(INFORMATION SHOWN begins)

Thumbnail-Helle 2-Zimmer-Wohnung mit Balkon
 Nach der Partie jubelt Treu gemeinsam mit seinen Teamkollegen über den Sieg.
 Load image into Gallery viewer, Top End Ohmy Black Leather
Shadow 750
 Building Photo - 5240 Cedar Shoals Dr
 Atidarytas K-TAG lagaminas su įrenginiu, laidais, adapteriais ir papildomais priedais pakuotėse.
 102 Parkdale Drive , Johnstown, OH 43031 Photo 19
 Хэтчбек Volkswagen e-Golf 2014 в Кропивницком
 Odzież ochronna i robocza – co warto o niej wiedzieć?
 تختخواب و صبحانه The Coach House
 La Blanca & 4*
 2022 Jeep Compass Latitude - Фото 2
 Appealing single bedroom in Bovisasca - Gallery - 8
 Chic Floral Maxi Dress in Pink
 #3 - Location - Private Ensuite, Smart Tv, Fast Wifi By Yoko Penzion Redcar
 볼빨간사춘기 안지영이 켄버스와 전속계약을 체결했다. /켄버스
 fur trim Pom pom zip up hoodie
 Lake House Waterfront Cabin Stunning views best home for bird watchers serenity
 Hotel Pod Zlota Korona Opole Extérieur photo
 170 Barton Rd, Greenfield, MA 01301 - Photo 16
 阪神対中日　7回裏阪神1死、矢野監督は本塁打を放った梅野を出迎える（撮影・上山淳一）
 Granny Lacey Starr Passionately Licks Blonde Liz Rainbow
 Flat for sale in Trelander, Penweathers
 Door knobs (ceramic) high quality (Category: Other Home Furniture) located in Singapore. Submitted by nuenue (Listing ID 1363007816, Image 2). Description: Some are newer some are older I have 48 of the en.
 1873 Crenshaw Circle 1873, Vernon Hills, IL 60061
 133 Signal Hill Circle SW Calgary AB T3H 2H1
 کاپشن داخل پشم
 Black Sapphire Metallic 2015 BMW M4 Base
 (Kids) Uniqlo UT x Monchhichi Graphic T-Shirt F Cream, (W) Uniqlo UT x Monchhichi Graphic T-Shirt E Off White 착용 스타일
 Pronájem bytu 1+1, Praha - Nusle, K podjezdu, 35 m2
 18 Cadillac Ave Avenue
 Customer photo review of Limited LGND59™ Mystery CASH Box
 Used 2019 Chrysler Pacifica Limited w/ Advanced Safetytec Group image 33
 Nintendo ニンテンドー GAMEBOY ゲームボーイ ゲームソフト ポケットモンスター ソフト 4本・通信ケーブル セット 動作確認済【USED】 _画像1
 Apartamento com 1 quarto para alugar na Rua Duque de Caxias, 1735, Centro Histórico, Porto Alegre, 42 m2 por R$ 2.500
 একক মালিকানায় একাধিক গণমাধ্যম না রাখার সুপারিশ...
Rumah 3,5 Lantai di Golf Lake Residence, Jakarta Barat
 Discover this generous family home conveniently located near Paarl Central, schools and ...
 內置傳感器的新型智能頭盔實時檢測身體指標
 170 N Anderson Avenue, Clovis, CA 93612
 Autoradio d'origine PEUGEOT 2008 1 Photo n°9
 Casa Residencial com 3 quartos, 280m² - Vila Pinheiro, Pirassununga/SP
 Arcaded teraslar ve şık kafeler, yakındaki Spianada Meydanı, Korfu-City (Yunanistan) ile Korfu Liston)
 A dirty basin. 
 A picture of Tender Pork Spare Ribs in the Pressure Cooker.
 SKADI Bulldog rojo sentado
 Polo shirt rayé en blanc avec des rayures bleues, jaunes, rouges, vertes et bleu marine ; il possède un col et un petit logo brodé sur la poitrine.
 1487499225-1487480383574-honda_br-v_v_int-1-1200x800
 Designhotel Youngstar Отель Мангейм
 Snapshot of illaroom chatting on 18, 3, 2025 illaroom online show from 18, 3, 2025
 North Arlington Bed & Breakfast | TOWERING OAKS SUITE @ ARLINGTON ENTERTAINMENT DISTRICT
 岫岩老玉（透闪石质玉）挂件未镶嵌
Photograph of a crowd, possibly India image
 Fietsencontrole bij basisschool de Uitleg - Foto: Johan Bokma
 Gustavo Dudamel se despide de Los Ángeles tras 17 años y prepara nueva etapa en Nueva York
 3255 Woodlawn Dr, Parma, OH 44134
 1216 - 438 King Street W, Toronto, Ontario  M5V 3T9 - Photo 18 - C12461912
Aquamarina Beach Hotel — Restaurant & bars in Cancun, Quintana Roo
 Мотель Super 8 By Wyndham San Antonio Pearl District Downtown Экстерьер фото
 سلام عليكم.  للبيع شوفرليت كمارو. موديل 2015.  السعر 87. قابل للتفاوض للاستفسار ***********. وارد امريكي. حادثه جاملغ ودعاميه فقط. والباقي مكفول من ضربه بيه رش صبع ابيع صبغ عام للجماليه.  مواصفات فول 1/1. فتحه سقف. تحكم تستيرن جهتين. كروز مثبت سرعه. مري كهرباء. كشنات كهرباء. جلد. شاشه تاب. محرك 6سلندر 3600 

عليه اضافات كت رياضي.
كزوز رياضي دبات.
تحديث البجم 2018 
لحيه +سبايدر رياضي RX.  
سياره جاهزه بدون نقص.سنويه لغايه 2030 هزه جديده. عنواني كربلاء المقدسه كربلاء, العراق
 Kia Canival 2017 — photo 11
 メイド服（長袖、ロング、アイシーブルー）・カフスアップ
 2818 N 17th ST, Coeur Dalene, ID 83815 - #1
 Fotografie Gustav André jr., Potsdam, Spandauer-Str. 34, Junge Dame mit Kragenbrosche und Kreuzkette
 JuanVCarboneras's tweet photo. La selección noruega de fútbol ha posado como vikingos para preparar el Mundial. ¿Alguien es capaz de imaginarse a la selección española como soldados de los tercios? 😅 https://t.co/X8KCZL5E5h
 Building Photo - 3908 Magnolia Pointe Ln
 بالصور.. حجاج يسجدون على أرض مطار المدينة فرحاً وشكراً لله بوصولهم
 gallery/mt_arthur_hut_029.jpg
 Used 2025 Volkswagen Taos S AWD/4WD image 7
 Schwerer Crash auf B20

(INFORMATION SHOWN ends)

- _ABOUT THIS EXERCISE_: Search the entries for the word "Avenue" and pick out every line that holds it.

- _OUTPUT OF THE EXERCISE_:
 18 Cadillac Ave Avenue
 170 N Anderson Avenue, Clovis, CA 93612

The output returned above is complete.